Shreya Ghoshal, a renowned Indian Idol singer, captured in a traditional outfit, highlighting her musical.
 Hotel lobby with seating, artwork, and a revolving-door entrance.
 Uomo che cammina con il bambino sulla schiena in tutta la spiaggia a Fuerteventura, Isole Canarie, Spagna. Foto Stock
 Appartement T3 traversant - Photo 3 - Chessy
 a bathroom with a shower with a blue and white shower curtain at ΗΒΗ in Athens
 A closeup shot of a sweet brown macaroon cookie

◇ ◇ ◇ ◇ ◇

WHAT NEEDS TO BE DONE – Exactly as they appear, copy the lines of the listing above from the first through the one that contains "Hotel lobby with", and nothing more.

ANSWER BOX –
Shreya Ghoshal, a renowned Indian Idol singer, captured in a traditional outfit, highlighting her musical.
 Hotel lobby with seating, artwork, and a revolving-door entrance.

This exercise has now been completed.